Exercise goal: In the entries below, which lines run from the one with "Vibrant Green Leaves Background with Bright Sunlight Vibrant" through the one with "OFAPET nuevo juguete"? Repeat exactly those, both included, and no pictures.

═══ Data to examine ═══

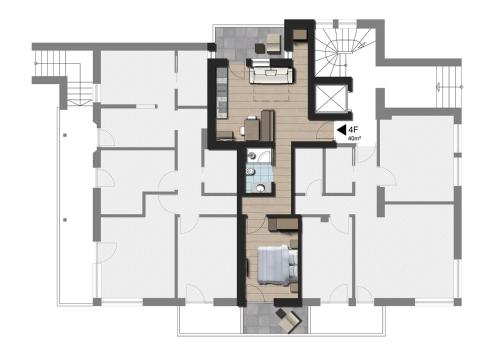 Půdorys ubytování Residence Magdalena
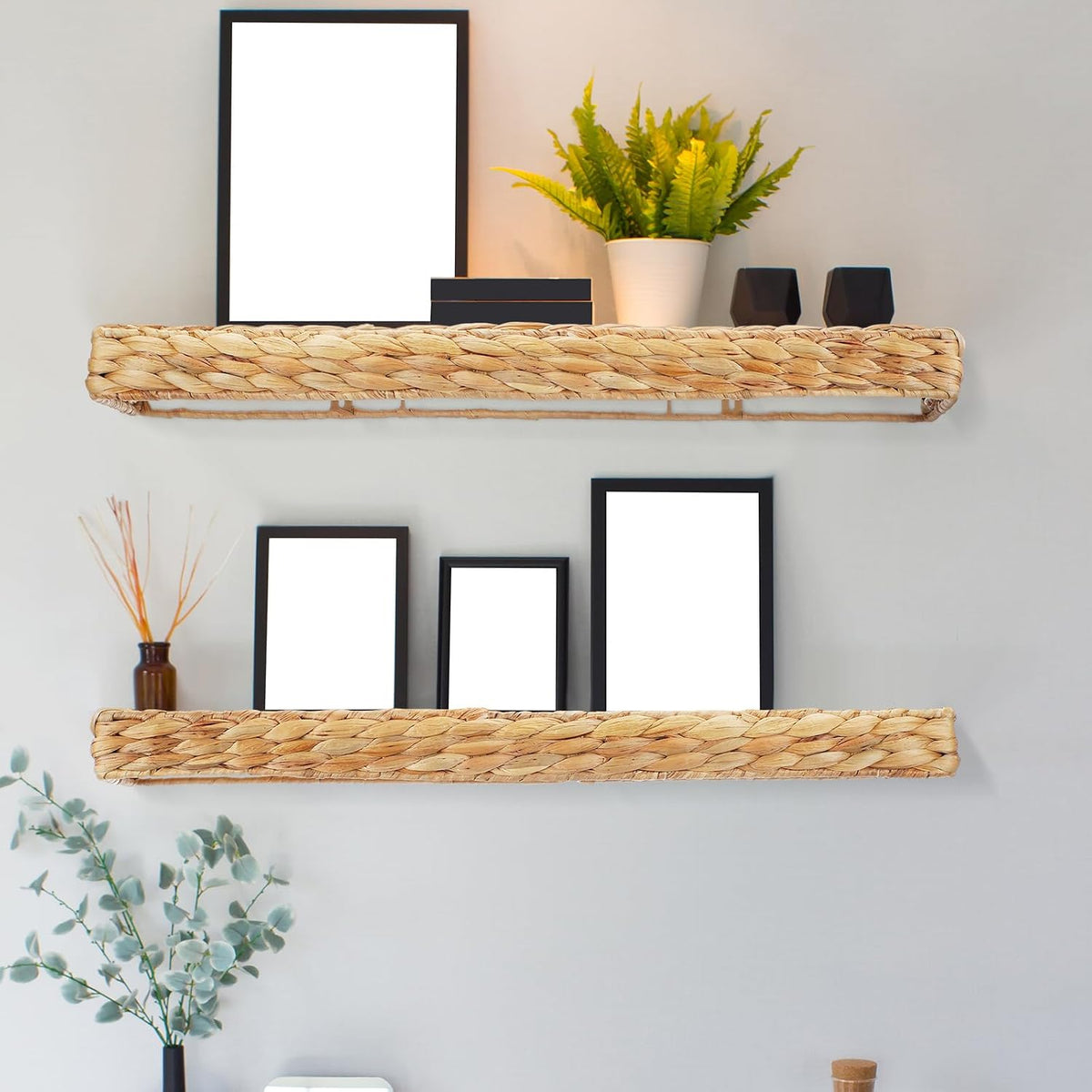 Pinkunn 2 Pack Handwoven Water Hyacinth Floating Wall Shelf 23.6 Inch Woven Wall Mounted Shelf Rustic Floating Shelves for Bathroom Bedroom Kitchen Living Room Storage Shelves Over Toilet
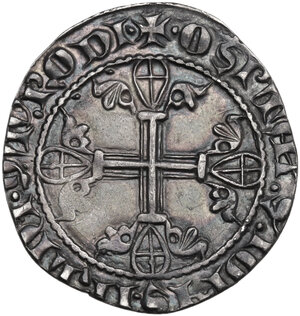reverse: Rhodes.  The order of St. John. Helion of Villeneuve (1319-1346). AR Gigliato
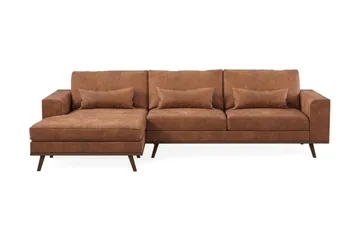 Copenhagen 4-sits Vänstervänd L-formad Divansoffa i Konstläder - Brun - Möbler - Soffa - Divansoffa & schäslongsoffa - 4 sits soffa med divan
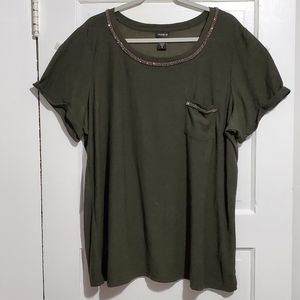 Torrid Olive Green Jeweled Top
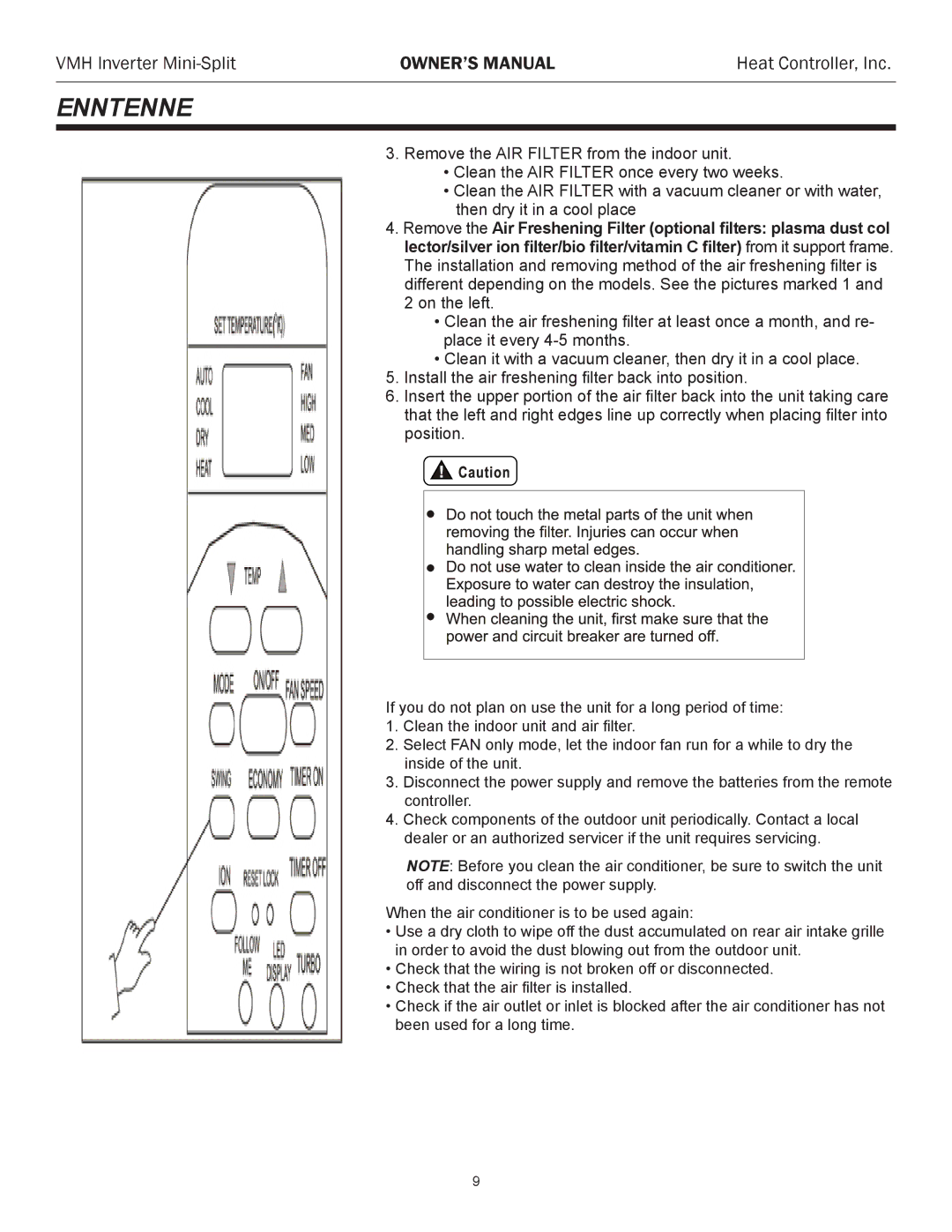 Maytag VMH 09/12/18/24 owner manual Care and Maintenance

═══
═══ Data to examine ═══

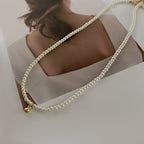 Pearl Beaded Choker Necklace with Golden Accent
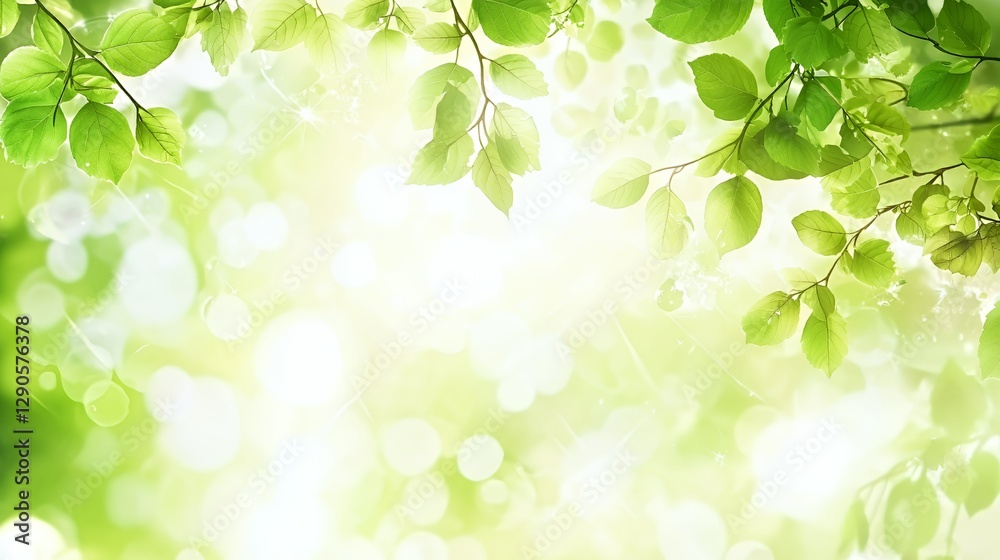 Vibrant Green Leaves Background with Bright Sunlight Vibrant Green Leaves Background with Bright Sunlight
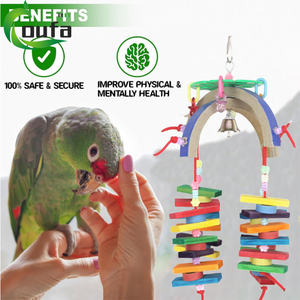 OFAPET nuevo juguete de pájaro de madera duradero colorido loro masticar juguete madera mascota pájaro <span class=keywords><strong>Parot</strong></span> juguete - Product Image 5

═══

Written reply:
 Vibrant Green Leaves Background with Bright Sunlight Vibrant Green Leaves Background with Bright Sunlight
 OFAPET nuevo juguete de pájaro de madera duradero colorido loro masticar juguete madera mascota pájaro <span class=keywords><strong>Parot</strong></span> juguete - Product Image 5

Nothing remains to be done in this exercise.